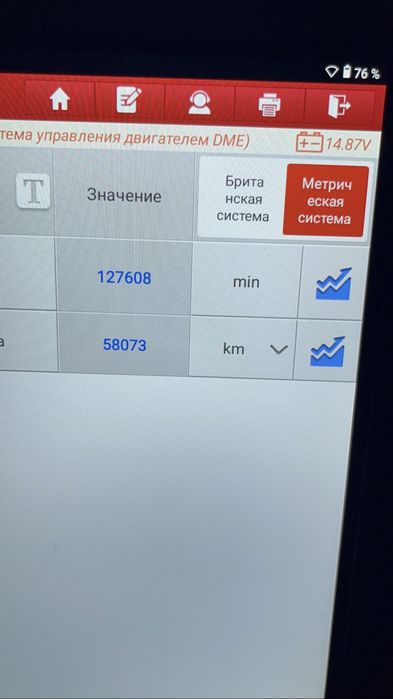 Проверка автомобиля перед покупкой | Автоподбор
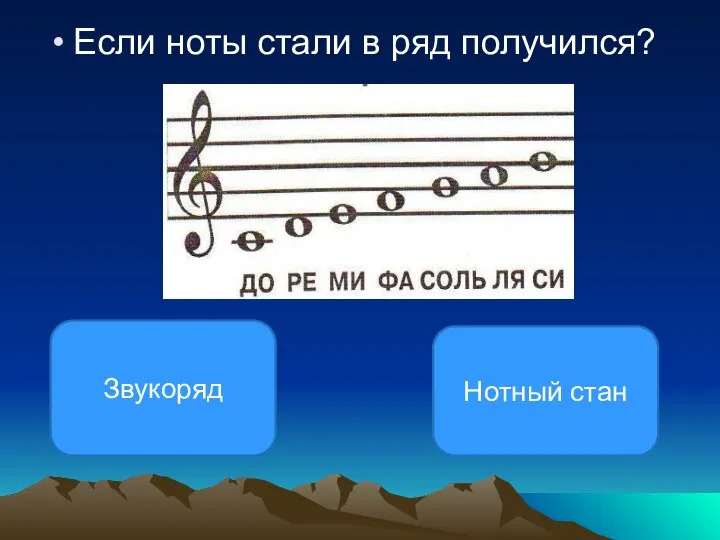 Если ноты стали в ряд получился? Звукоряд Нотный стан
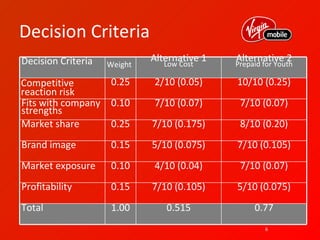 Decision Criteria
Decision Criteria            Alternative 1   Alternative 2
                    Weight      Low Cost     Prepaid for Youth

Competitive          0.25    2/10 (0.05)     10/10 (0.25)
reaction risk
Fits with company    0.10    7/10 (0.07)      7/10 (0.07)
strengths
Market share         0.25    7/10 (0.175)     8/10 (0.20)
Brand image          0.15    5/10 (0.075)    7/10 (0.105)
Market exposure      0.10    4/10 (0.04)      7/10 (0.07)
Profitability        0.15    7/10 (0.105)    5/10 (0.075)
Total                1.00       0.515             0.77
                                                     6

+++

Problem
Whenever the word "Market" occurs in a line of the listing above, return that line.

Exercise answer
Market share         0.25    7/10 (0.175)     8/10 (0.20)
Market exposure      0.10    4/10 (0.04)      7/10 (0.07)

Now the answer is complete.